--- MATERIAL FOR THIS TASK Enclosed Below ---
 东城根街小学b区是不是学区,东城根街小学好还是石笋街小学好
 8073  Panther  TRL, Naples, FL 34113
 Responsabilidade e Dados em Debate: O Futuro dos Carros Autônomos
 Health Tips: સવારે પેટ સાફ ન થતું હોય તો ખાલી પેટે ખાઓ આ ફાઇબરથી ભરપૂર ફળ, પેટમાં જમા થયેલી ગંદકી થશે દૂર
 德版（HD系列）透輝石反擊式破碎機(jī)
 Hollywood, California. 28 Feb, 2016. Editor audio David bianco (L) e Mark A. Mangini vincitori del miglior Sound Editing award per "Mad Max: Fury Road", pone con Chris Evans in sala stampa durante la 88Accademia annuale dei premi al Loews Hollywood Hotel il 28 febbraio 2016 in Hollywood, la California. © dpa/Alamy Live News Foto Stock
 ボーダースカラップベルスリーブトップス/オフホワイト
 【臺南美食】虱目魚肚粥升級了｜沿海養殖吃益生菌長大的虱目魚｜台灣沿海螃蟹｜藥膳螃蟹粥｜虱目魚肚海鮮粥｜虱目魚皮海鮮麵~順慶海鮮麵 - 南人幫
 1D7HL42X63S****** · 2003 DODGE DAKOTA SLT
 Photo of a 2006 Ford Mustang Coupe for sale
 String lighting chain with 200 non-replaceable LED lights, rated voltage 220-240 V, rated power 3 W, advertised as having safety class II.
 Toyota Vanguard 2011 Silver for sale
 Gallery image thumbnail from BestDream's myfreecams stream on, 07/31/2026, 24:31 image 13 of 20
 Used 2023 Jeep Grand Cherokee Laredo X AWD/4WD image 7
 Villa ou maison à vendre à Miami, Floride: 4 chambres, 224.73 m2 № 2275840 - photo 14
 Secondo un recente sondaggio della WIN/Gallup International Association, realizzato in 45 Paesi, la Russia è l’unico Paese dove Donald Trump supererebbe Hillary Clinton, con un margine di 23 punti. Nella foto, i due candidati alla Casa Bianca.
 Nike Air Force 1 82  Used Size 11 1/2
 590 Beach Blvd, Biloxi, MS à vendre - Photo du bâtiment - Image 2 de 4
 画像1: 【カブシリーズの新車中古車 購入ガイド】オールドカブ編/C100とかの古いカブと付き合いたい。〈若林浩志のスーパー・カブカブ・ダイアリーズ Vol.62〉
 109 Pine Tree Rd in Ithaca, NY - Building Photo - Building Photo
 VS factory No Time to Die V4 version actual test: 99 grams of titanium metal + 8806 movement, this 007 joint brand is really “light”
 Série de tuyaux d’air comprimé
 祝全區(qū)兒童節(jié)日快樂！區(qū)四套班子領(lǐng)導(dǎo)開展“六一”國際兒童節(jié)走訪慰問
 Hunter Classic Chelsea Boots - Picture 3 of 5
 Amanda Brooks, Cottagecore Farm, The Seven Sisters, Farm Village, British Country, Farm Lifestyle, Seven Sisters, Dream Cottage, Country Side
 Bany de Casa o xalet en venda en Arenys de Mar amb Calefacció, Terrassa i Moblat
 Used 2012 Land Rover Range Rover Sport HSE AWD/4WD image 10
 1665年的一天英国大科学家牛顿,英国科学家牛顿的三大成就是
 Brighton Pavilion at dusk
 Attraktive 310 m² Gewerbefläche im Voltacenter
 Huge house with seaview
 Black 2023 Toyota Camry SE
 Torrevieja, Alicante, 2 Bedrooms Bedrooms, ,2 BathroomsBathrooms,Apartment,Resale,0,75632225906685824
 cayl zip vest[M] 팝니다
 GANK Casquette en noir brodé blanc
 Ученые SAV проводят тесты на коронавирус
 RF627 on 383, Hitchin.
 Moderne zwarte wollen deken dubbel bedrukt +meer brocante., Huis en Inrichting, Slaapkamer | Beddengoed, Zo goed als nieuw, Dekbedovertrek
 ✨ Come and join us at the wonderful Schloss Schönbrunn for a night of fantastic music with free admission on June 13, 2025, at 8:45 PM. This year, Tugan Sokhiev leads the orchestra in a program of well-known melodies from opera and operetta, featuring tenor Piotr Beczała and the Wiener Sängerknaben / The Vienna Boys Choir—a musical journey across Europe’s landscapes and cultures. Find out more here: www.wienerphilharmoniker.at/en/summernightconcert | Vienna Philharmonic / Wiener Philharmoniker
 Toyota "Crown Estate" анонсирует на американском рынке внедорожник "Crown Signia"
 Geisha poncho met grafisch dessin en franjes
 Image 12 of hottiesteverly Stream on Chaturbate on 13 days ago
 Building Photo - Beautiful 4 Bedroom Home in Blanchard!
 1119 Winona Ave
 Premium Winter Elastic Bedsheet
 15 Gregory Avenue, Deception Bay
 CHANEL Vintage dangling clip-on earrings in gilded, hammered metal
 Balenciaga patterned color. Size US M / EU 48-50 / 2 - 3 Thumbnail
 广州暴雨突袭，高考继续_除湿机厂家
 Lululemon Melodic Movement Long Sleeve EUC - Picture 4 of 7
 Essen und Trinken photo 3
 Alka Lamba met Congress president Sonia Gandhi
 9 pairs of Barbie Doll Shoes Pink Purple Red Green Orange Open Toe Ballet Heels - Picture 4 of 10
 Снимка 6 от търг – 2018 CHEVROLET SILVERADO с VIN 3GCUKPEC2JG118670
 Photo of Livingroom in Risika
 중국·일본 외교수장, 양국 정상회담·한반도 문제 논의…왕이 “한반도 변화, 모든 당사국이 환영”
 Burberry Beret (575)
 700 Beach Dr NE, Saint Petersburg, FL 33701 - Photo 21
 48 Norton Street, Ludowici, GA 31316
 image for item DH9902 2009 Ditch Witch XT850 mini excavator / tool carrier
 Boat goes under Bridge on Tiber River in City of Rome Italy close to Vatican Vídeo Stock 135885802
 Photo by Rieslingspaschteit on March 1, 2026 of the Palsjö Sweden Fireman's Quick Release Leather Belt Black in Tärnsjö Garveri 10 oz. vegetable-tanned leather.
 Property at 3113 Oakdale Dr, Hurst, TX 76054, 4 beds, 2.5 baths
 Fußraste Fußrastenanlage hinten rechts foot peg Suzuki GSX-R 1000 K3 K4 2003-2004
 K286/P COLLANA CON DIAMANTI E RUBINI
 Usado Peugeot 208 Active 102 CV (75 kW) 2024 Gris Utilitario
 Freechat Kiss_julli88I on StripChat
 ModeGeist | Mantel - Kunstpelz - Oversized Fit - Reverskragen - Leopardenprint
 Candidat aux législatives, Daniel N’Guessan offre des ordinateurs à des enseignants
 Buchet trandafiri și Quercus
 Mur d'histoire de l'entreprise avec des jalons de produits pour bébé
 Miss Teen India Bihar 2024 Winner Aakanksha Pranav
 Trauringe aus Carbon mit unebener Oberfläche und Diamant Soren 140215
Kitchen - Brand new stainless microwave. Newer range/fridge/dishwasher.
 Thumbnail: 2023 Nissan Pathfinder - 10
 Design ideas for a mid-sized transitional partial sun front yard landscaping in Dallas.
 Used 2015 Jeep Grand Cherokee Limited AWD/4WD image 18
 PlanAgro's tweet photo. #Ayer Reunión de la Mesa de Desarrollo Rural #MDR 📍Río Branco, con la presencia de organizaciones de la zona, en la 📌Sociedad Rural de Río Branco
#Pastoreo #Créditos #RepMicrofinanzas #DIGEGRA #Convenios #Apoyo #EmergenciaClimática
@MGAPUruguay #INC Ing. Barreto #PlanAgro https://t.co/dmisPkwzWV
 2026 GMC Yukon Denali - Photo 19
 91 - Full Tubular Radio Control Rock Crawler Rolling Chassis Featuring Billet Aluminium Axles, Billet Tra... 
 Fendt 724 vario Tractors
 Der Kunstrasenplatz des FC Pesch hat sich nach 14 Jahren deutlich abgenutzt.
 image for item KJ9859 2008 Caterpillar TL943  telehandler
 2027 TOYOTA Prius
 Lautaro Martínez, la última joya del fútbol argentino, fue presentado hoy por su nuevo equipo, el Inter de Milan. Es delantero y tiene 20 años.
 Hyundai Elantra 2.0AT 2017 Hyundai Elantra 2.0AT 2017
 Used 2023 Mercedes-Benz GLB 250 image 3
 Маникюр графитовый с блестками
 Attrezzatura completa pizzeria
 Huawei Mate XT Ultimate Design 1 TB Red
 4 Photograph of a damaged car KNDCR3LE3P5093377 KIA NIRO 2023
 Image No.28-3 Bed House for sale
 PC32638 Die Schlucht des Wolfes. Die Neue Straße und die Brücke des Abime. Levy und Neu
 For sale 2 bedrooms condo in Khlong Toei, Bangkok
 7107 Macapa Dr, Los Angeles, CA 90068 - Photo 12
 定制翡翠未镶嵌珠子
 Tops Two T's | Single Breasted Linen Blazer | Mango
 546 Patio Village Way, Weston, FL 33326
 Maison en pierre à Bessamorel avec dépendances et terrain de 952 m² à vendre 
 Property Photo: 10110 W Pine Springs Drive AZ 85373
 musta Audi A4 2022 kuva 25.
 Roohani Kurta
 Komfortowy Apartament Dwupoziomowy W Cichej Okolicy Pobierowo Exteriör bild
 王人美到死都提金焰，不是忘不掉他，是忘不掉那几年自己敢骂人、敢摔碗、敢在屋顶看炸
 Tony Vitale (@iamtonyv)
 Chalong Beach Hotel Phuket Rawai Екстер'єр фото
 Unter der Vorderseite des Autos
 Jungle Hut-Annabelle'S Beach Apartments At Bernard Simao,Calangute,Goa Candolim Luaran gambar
--- End of Enclosed MATERIAL FOR THIS TASK ---
§ TASK BRIEF
Reproduce, word for word and in full, only the lines above that start at the line with "Image No.28-3 Bed House for sale" and run through the line with "546 Patio Village Way, Weston, FL 33326", both ends included.

§ YOUR SOLUTION
 Image No.28-3 Bed House for sale
 PC32638 Die Schlucht des Wolfes. Die Neue Straße und die Brücke des Abime. Levy und Neu
 For sale 2 bedrooms condo in Khlong Toei, Bangkok
 7107 Macapa Dr, Los Angeles, CA 90068 - Photo 12
 定制翡翠未镶嵌珠子
 Tops Two T's | Single Breasted Linen Blazer | Mango
 546 Patio Village Way, Weston, FL 33326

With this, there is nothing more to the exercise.